Task description: Look through the records below for the line holding "Lewis Hamilton’s Latest". Write it out exactly, with each following line through the line holding "Bodywand Luxe 2-Way Wand Realistic Dildos".

Data extracts:
◇ ◇ ◇ ◇ ◇ ◇ ◇

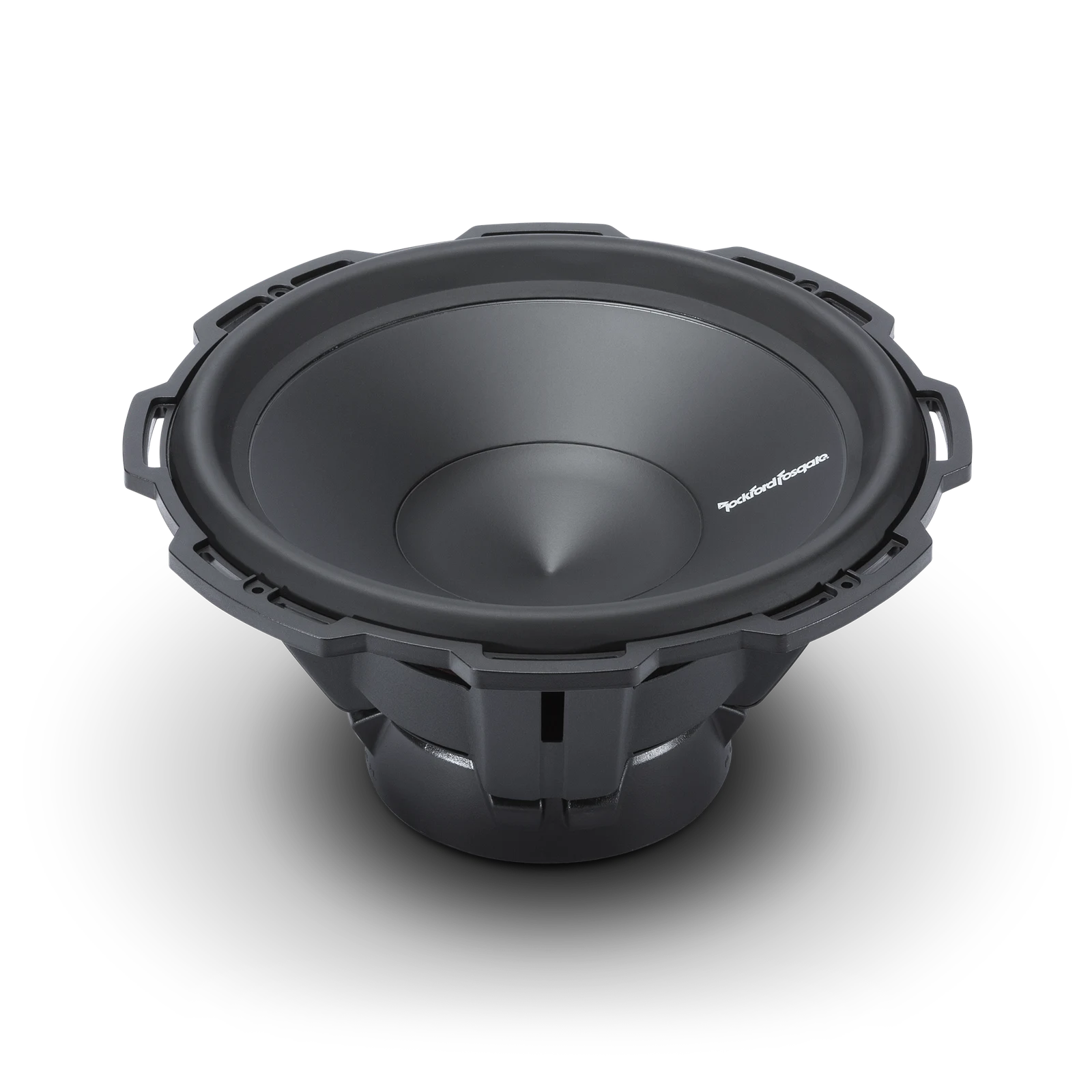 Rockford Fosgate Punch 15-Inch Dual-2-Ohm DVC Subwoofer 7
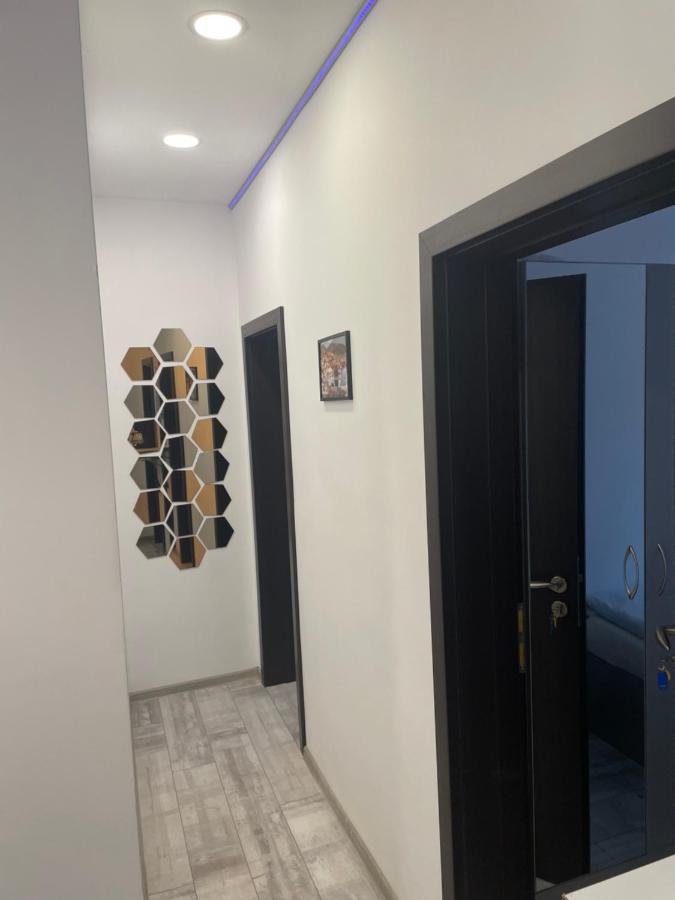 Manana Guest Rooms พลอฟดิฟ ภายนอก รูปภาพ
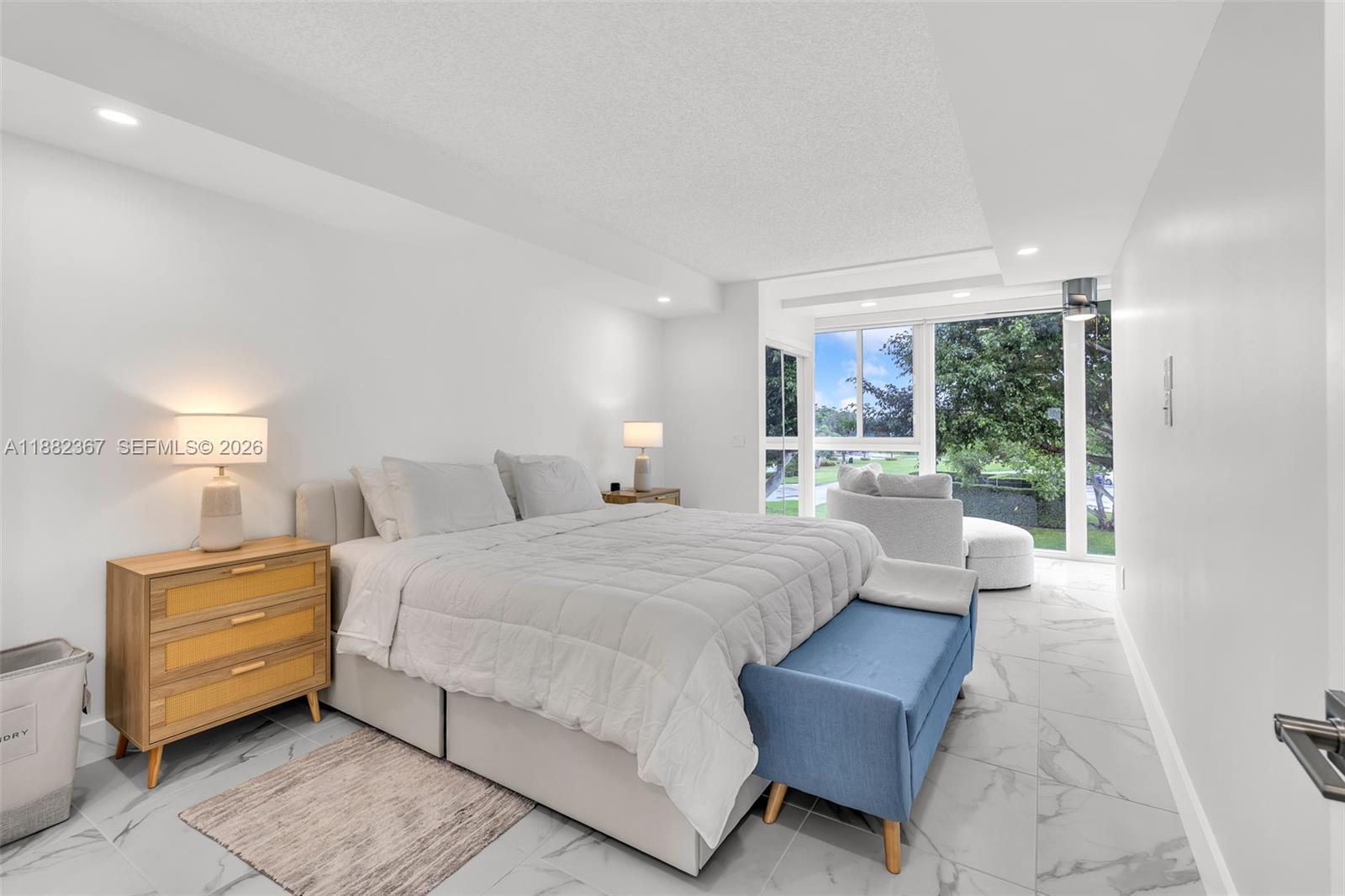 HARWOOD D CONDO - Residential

◇ ◇ ◇ ◇ ◇ ◇ ◇

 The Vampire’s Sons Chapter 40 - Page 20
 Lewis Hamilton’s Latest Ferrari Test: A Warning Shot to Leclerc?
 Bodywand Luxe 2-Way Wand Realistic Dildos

◇ ◇ ◇ ◇ ◇ ◇ ◇

Answer to the problem:
 Lewis Hamilton’s Latest Ferrari Test: A Warning Shot to Leclerc?
 Bodywand Luxe 2-Way Wand Realistic Dildos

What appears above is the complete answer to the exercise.